Broad Principles for Tax Reform
The Tax Reform package has passed the House and is making its way through the Senate. While we are awaiting the final version of the bill, this column touches on some broad principles of taxation. We will return to specifics upon passage of the final bill.
- A good tax plan should have a broad base with a low rate. A broad base minimizes preferences while maximizing revenue, allowing rates to be kept relatively low. A low rate dis-incentivizes cheating. As evidenced in many economies with high taxes around the world, very high rates result in an underground economy where transactions are off the book, resulting in no revenues from such transactions.

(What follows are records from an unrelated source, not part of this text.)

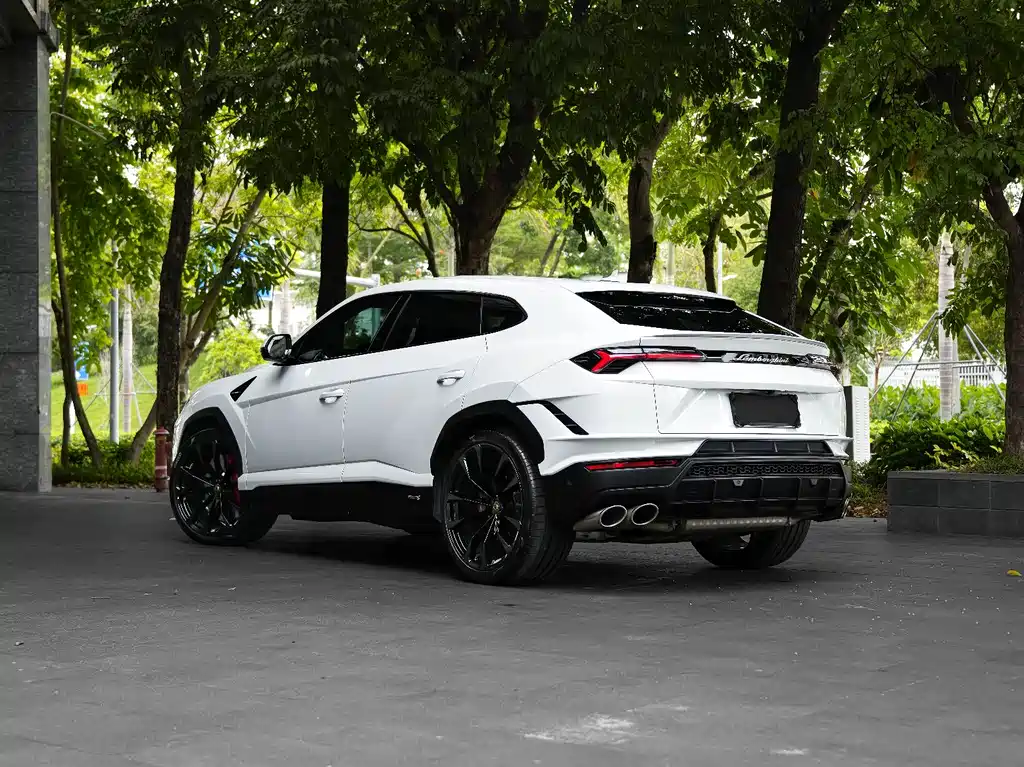 Lamborghini Urus 2023 4.0T V8 S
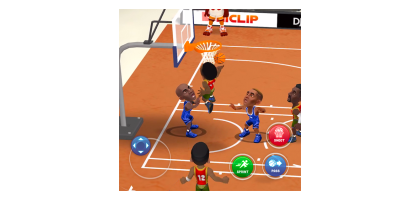Mini Basketball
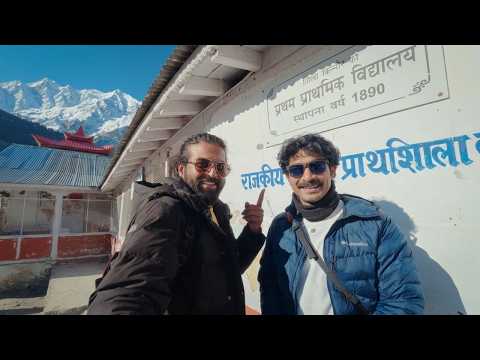 We Found a 134-Year-Old School in KALPA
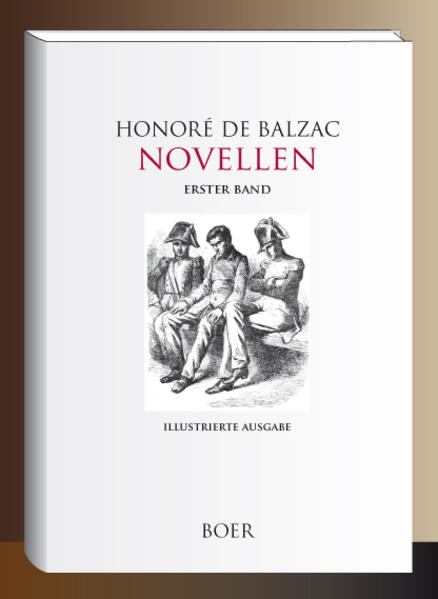 Novellen, Erster Band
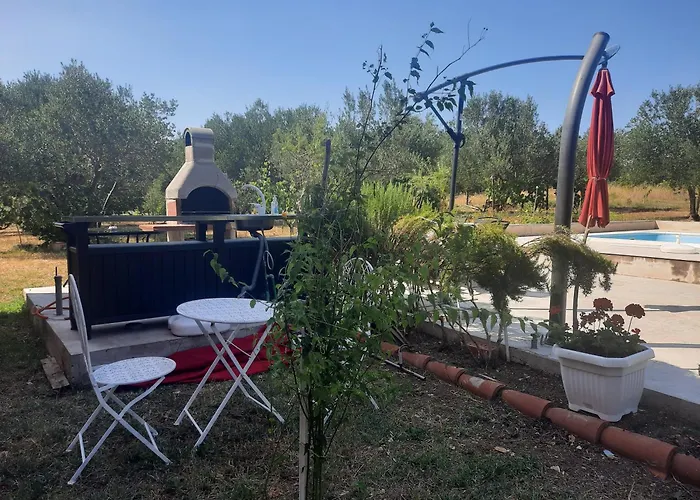 Villa S Bazenom Anastazija Poljica (Zadar)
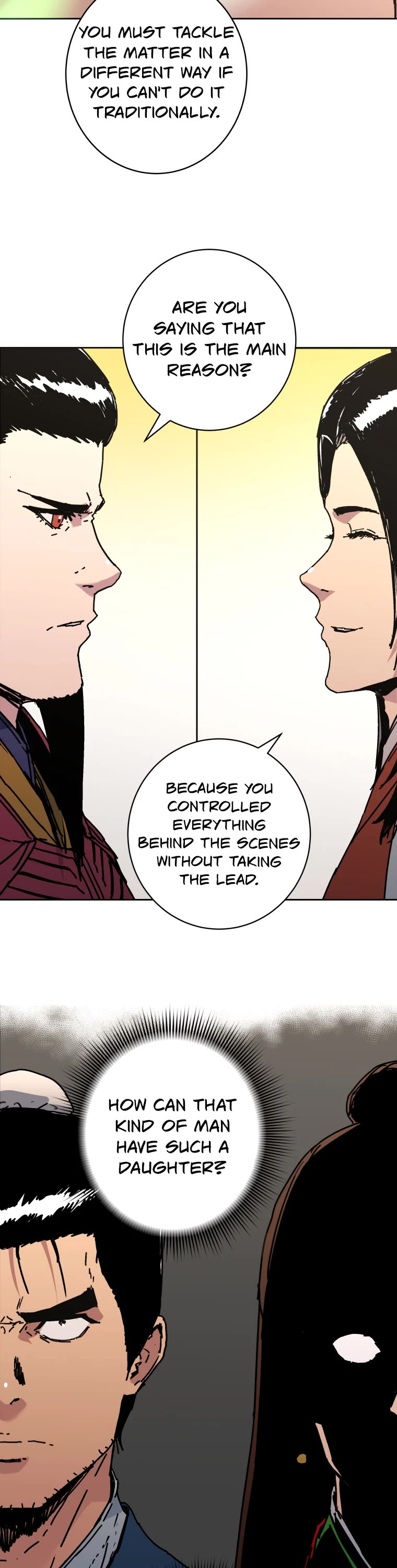 Peerless Dad Chapter 293 page 17 - Chapter 293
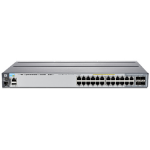 Aruba 2920 24G POE+ Managed L3 Gigabit Ethernet (10/100/1000) Power over Ethernet (PoE) 1U Grey
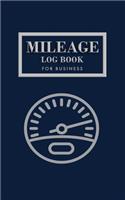 Mileage Log Book
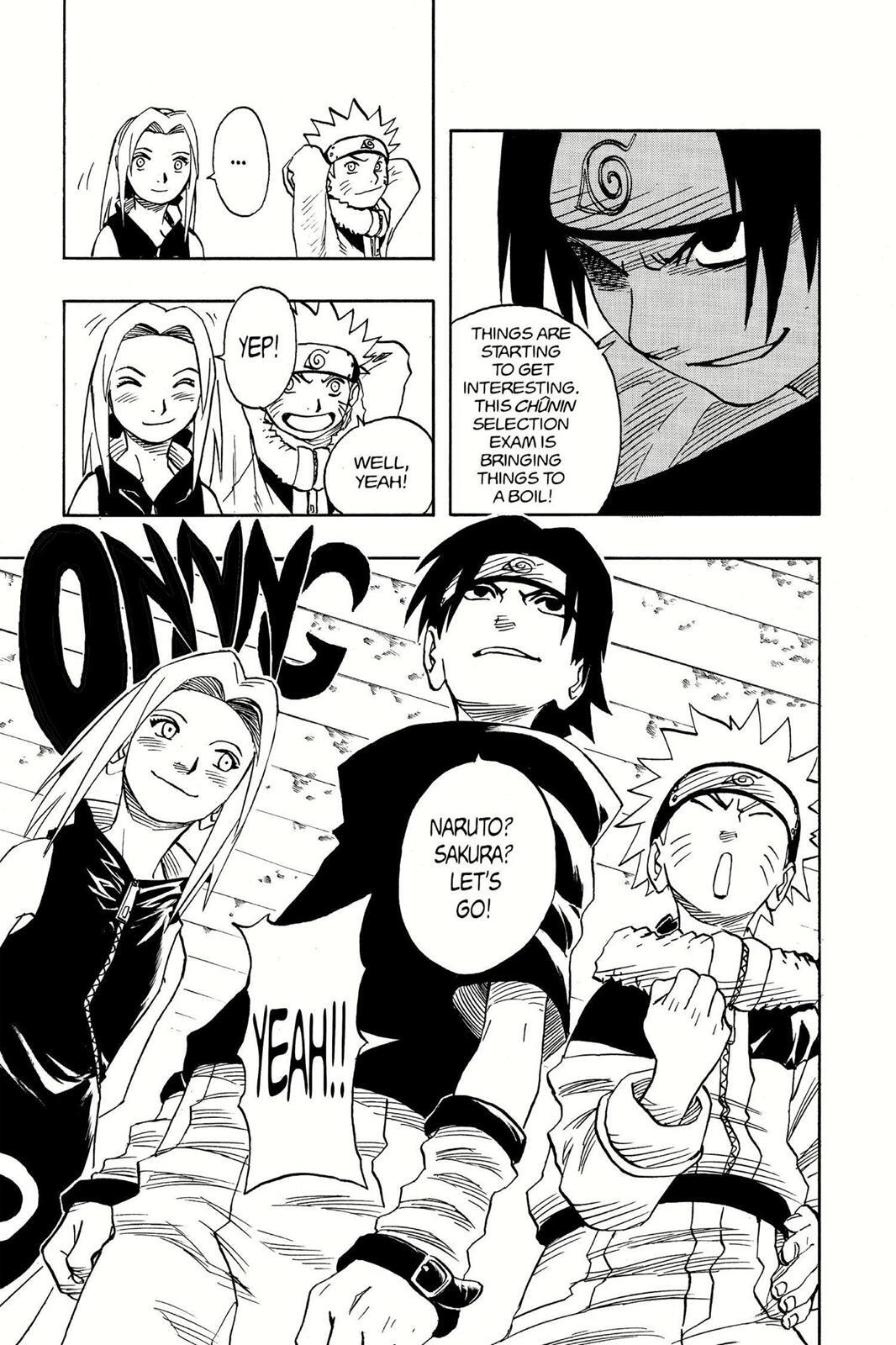 Read Naruto (Official Colored) Manga Online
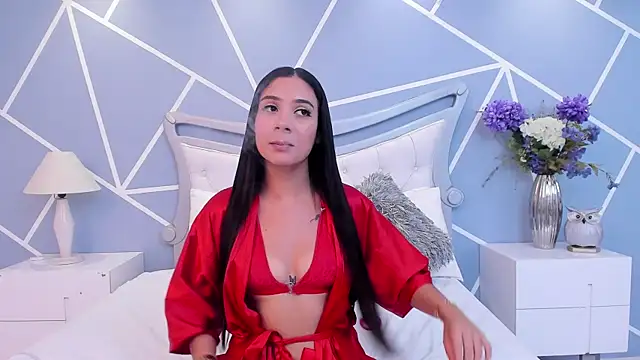غرفة دردشة EmmaFosther المباشرة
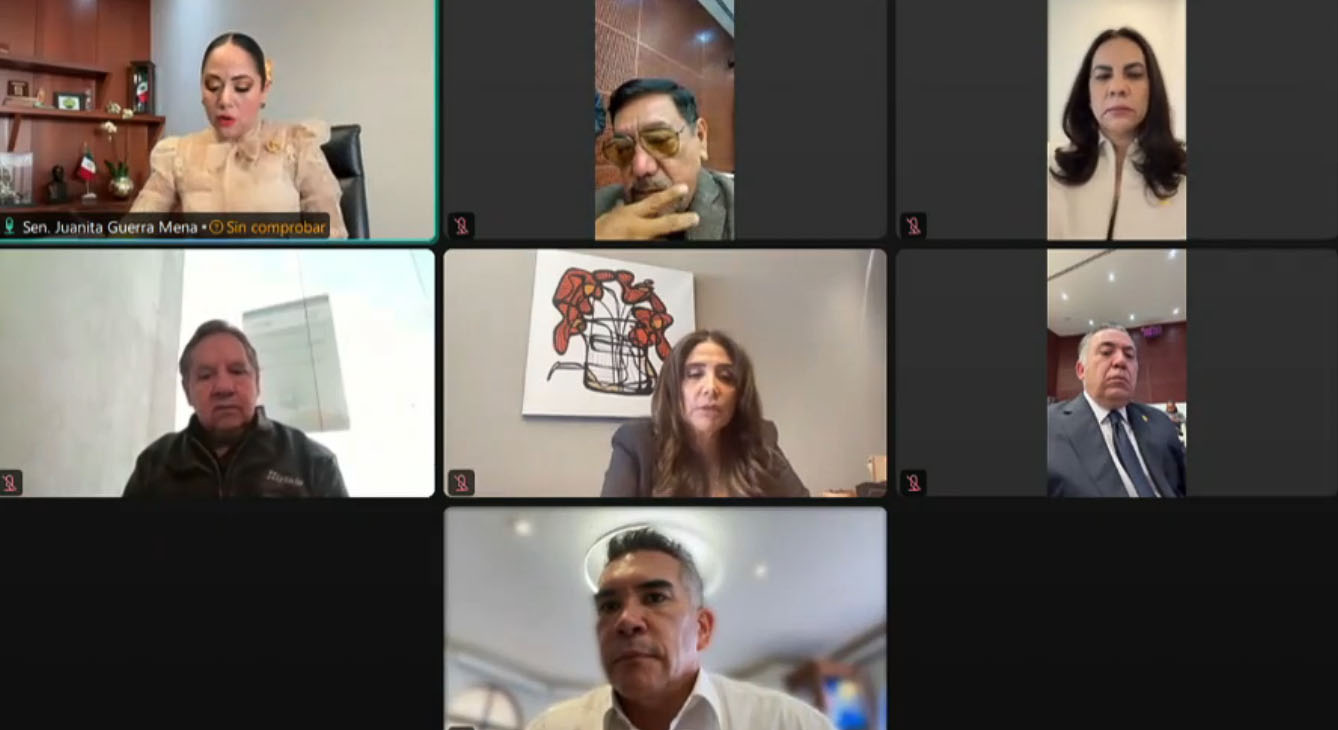 Autoriza Pleno del Senado ingreso a territorio nacional de tropas extranjeras para ejercicio de capacitación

- A good tax plan should also be simple to administer. A complex tax regime is a bonanza for lawyers and accountants as there are carve-outs and exceptions based on encouraging or discouraging certain types of behavior that the government thinks is best for people. Simply stated, this results in government regulating behavior and declaring certain types of behavior acceptable and certain others unacceptable. This list then changes with each administration. The unpredictability of incentives and disincentives makes the system unpredictable, resulting in twists and turns which cuts into growth.
- Calculation of the impact of tax plan should be dynamic, not static. Congressional Budget Office (CBO) currently calculates deficits using a static approach. It only measures the costs, not the benefits. For example, if you got yourself a gym membership, worked out every day for the last 10 years, lost weight, and as a consequence lowered your blood pressure and cholesterol, the CBO would calculate the gym membership as an expenditure and completely ignore the health benefits. In budgetary terms, CBO calculates tax cut as an expenditure and ignores the increased revenues resulting from the growth. I discussed the evidence behind such an increase in revenues in my column dated May 14, 2017.
One final point: The discussion around taxation is dominated by who gains and who loses. We hear about the middle class getting a tax cut or a tax increase; we hear about the rich benefiting. Such framing of the discussion completely misses the mark. The purpose of taxation is to generate sufficient revenues for the government to provide Constitutionally mandated services or to provide or would not make sense for individuals or corporations to provide (for example, it wouldn’t make economic sense for an individual or a corporation to build I-80 as it would be prohibitively expensive in addition to not providing a return on that investment). The focus should be on growth, not altering behavior. When you lower taxes, the economy grows, wages will go up, unemployment will go down and everyone benefits. That’s what happened under the leadership of President Clinton and Speaker Gingrich. Burden the economy with taxes, labor participation goes down and growth will be stunted. That’s what happened under President Obama (The first President not to have even a single year with 3% economic growth and the lowest labor participation rate since President Carter).